My name is Nicholas Hubbard. I am lead vision programmer for Team 1701, The Robocubs, out of Detroit, MI. Over the last 6 months, I have been working extensively on a deep learning based object detector, which runs at over 60 FPS on a relatively old (Nvidia GeForce 960M) graphics card with near 100% accuracy.
Let’s start with what inspired me. The idea transpired from a small conversation on Slack with the team’s lead programmer, @noahhusby:
We used Limelight as our vision solution this year, and we were discussing what to use for distance tracking. I suggested deep learning based object detection as a stretch goal, and set to work on making it happen. As with anything hip and new, it was a difficult adjustment and required a ton of preparation at all of the events we participated in. It was only ready on the second day of the Alpena 2 competition we attended.
Initially, I started by aiming much lower with my goals hardware wise. I used my Motorola Moto Z3 Play as a testing ground for TensorFlow Lite Object Detection using a 1st generation MobileNet architecture with my own custom dataset. I found a training script (which I unfortunately cannot find now) and used it to create a model, which ran with some… flaws on my mobile device:
After this, I changed my model to use the TensorFlow Object Detection framework on a non-mobile device. I used a 2nd generation MobileNet architecture and 1,000 training images of each object to detect, generated from 20 second 60 FPS video clips of the objects moving around.
With conventional object detection, I bounding boxes for objects in each image, and wrote it into a file format the training script could understand, and started training on Google Cloud. It took a really long time (or what I thought was a really long time) to reach 250,000 training iterations.

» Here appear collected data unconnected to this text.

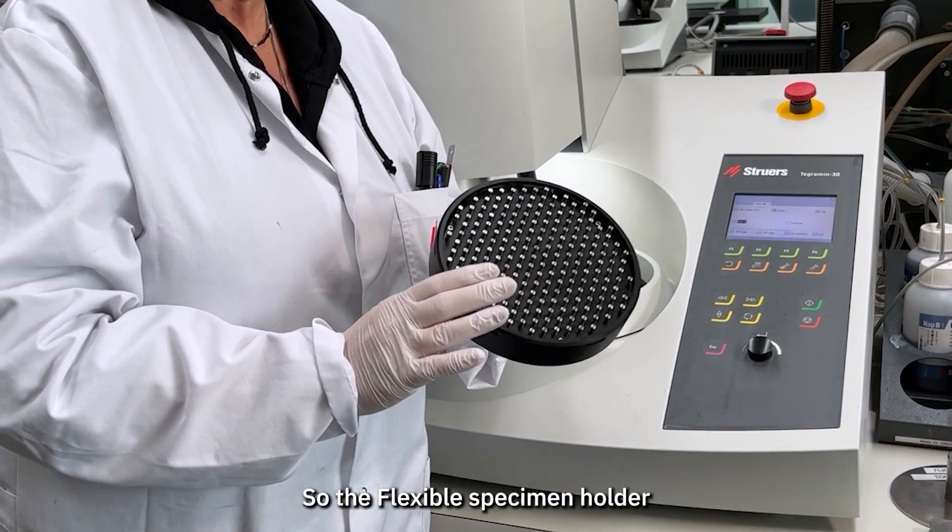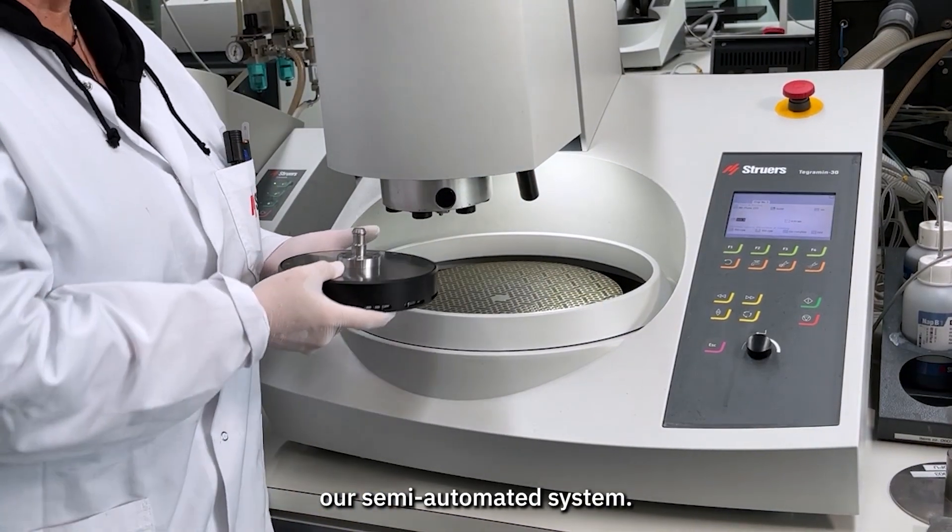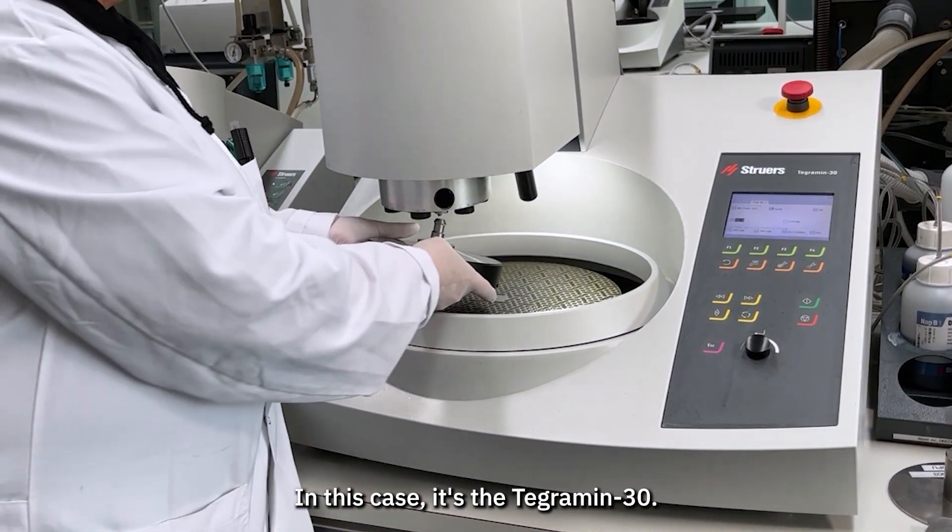The flexible specimen holder can be used for processing on our semi-automated system. In this case it's the TickleMe 30.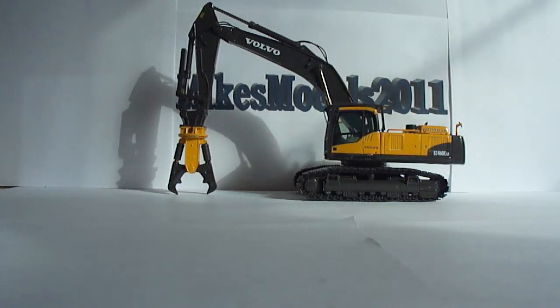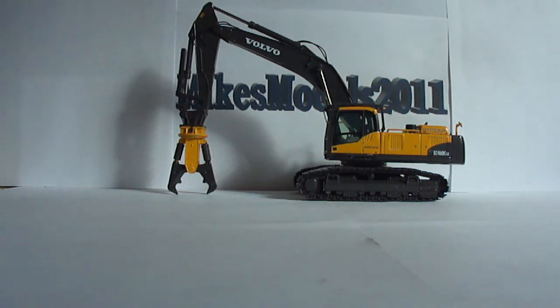Here we have the review of the Volvo EC460CLD demolition excavator, made by NZG in 1/50th scale, and what a nice piece it is. It's a 45 to 50 ton excavator range. I don't have a whole lot of 45 to 50 ton excavators. I will most certainly be getting the dirt version, the regular bucket version. I like this piece a lot. There are very few things that I do not like about it.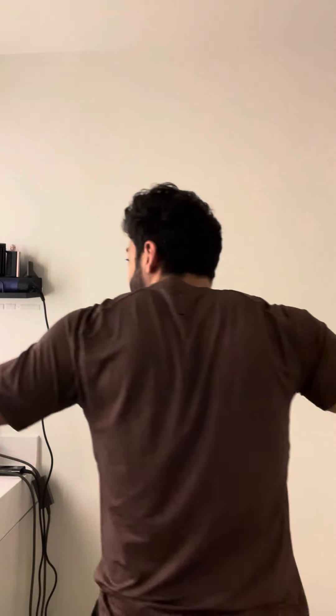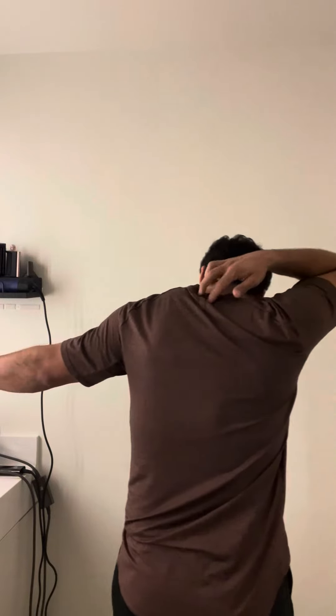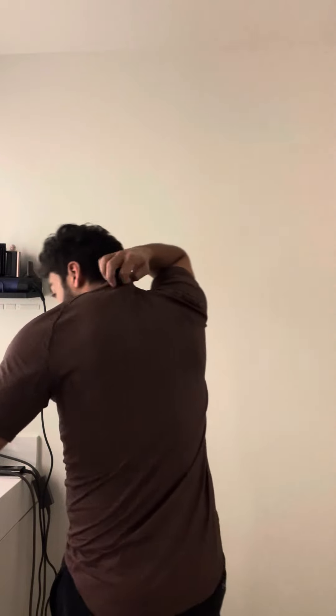If you look at the back, it is a fitted shirt, but it's made to fit for comfort. You've got this hook over here, so if you want to take it off, you can hook your shirt up on the hanger right there.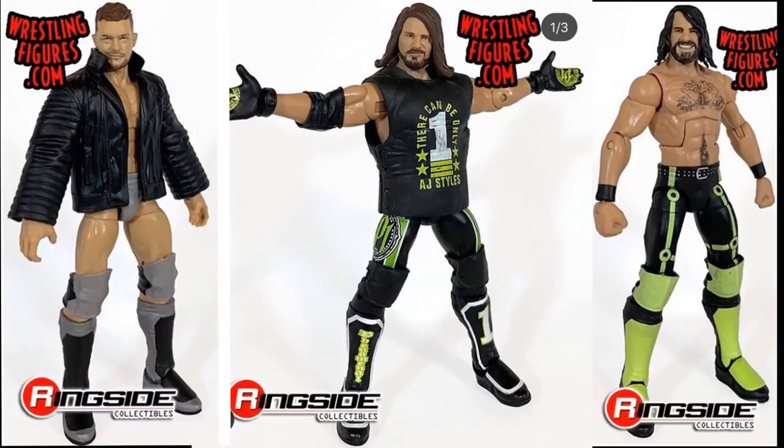If you go to Ringside Collectibles' Instagram page, they do call it the Top Talents line. I know a lot of people say it's Top Picks, but it's Top Talents. I think you can use either name — it just rolls off the tongue.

With that, the results are excellent: I can run the model on a GeForce 960M with a heavily optimized copy of TensorFlow, along with Nvidia TensorRT optimizations applied, with 99%+ accuracy on both balls and hatches, in different light situations, angles, and distances from the camera. This all occurs while remaining within ±5 FPS of a constant 60 FPS. The real distinguishing factor is that any lighting change didn’t require any form of recalibration for event lighting. (I don’t have any final demonstration images right now, since finals are upon us at our school, but it may be possible in the future.)
Now, to address the real meaty details. I wrote a semi-scientific paper which I presented to the judges at the Alpena 1 event, and I have attached it here (90.5 KB). I also wished to make it easier to work with models, since it required a significant amount of boilerplate code beforehand. The library I created is called VTK, and it is available here: https://github.com/Robocubs/VTK, along with documentation at https://vtk.readthedocs.io/en/latest.
Thank you for reading, and hopefully this information helps you with your vision aspirations in the future.